Di quale “situazione giuridica applicabile” stiamo parlando qui in dettaglio che vieta il monitoraggio di gruppi Telegram pubblici o privati (tramite contatti infiltrati)?
Non può trattarsi di populismo maldestro, di calcolo o di ignoranza, no? O?

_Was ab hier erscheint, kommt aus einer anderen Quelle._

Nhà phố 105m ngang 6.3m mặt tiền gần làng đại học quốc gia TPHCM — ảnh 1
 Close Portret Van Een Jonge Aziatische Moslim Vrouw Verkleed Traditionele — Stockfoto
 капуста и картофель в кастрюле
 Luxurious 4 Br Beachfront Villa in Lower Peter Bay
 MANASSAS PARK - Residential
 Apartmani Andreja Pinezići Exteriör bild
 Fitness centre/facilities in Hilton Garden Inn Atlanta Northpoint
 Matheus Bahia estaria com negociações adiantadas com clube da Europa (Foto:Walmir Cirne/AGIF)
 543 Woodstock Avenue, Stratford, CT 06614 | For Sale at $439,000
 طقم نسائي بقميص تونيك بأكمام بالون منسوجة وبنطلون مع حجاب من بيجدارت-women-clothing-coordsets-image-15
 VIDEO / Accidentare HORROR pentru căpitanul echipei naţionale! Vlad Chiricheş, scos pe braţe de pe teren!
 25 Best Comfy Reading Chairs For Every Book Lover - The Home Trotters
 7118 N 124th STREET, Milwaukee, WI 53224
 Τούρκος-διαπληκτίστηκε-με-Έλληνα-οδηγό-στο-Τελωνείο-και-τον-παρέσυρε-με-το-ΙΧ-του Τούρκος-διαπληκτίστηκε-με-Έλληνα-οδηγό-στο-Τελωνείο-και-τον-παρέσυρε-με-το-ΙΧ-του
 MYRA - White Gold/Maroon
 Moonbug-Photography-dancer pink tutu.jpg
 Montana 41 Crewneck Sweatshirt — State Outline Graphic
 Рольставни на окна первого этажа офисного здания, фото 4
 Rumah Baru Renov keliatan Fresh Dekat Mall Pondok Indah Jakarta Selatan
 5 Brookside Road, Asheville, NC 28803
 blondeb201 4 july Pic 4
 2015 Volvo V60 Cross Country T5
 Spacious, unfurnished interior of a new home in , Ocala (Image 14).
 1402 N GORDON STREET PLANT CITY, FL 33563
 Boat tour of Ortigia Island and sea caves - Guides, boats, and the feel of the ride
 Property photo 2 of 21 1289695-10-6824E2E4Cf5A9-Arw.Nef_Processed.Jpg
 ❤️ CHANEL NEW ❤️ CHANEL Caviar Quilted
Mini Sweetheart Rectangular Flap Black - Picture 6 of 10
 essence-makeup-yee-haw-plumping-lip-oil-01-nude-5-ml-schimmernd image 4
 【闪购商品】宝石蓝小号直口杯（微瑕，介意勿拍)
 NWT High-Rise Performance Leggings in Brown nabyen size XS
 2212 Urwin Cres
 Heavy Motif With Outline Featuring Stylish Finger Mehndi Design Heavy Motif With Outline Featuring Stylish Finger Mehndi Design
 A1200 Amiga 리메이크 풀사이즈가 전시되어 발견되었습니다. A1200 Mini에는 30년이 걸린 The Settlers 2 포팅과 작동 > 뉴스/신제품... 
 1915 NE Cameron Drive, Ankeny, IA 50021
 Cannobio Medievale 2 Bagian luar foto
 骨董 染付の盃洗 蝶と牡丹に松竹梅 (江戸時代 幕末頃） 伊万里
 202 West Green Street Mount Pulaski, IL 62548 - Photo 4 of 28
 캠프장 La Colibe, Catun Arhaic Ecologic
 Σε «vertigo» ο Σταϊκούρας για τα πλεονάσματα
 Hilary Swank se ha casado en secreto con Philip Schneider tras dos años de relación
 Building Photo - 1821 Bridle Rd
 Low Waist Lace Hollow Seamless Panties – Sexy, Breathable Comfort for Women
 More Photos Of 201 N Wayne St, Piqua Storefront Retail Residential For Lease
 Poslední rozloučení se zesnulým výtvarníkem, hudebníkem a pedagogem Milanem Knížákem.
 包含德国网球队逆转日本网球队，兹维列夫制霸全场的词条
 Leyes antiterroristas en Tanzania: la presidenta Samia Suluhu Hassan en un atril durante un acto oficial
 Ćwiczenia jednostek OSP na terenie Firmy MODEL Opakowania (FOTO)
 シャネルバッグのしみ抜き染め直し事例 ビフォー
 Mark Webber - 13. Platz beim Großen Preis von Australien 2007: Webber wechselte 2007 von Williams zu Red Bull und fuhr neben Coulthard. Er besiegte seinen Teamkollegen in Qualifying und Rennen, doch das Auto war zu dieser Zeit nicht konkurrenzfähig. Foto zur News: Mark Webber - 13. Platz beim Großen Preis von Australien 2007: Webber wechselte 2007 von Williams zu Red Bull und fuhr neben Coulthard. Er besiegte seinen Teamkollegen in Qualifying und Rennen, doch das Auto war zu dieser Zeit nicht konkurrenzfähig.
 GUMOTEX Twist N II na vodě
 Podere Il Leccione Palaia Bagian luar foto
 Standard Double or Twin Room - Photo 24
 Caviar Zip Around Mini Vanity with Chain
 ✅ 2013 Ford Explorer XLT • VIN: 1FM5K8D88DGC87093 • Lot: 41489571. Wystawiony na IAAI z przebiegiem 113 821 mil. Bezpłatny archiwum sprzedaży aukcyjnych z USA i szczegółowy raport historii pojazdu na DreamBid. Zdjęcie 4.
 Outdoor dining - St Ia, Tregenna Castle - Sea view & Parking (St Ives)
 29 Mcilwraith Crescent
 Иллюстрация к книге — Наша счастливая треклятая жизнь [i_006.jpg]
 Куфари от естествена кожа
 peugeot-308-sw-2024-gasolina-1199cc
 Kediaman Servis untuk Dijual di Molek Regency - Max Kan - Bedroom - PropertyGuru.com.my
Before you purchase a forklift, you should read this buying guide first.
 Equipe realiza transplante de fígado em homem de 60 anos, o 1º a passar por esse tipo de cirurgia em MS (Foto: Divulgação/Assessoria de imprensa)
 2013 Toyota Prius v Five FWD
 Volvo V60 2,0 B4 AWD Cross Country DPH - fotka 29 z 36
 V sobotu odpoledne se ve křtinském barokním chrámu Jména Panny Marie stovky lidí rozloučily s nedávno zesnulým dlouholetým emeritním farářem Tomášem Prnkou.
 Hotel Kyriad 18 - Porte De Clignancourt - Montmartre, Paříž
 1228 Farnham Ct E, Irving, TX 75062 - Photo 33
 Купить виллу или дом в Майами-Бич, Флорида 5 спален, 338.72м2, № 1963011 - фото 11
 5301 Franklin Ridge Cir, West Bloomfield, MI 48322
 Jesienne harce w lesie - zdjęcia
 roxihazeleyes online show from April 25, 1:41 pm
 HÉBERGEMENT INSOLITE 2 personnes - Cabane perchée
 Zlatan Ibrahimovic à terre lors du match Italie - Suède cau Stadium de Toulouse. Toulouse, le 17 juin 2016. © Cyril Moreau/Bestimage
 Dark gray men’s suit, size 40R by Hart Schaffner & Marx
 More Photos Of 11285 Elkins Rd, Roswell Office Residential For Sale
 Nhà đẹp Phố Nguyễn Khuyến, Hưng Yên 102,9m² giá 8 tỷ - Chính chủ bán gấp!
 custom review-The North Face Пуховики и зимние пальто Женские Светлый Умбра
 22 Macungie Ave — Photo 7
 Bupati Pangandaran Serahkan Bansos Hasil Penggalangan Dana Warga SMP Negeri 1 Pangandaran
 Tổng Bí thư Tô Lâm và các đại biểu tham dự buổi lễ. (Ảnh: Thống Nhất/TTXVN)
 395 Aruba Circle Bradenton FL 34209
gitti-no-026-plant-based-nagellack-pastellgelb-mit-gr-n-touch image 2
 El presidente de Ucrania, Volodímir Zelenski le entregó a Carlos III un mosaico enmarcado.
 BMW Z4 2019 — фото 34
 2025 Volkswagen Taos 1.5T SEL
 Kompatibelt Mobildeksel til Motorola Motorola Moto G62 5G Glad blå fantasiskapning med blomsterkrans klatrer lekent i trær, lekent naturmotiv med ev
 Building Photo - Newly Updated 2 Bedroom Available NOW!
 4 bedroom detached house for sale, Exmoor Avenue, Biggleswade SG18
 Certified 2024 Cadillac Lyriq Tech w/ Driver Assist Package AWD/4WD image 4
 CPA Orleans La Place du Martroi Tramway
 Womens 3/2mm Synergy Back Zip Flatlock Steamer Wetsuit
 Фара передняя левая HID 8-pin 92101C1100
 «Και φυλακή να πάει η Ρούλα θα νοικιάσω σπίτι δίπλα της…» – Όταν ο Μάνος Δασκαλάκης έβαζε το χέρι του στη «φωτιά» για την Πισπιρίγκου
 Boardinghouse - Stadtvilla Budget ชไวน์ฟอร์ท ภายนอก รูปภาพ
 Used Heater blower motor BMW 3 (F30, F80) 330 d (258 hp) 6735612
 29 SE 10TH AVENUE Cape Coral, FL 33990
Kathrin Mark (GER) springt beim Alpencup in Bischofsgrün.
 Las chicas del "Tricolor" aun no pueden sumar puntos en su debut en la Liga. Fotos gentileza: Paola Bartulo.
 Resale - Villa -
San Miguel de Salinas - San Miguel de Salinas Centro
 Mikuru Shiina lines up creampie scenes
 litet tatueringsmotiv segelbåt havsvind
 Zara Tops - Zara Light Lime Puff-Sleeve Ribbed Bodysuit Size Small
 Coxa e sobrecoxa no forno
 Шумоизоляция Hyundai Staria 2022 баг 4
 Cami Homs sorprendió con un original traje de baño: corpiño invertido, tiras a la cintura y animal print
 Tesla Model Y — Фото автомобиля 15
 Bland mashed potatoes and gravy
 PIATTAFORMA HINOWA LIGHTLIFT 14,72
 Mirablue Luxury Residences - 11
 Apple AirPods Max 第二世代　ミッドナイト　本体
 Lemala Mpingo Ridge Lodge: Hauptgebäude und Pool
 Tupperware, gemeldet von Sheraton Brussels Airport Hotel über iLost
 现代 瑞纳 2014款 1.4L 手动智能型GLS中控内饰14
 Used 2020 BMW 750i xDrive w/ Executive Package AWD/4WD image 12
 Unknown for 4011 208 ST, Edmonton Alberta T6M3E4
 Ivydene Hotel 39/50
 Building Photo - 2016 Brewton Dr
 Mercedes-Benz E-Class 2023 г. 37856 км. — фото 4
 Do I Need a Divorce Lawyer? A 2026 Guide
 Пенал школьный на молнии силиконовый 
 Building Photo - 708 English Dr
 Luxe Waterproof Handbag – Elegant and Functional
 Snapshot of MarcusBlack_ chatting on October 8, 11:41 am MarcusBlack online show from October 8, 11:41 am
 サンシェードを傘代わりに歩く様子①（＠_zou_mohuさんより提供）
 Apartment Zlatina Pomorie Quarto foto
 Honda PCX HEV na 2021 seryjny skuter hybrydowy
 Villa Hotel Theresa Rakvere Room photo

Link al Tweet: https://x.com/kosak_daniel/status/1823718482359541998
https://i.redd.it/q20saa02void1.jpeg
di twin-hoodlum3
2 commenti
Also es gab eine Nachricht vom US Geheimdienst an Österreich. Diese Nachricht durfte gelesen werden. Hätte man vielleicht auch sollen.
[https://orf.at/stories/3366156/](https://orf.at/stories/3366156/)
Außerdem: “Laut APA-Recherchen hatte das Heeresnachrichtenamt (HNaA) von zwei befreundeten ausländischen Nachrichtendiensten vor zehn bis 14 Tagen Hinweise bekommen.”
Ich hatte auch eine Großmutter, die hatte Schwierigkeiten, SMS zu öffnen. Mir scheint, das ist hier auch so.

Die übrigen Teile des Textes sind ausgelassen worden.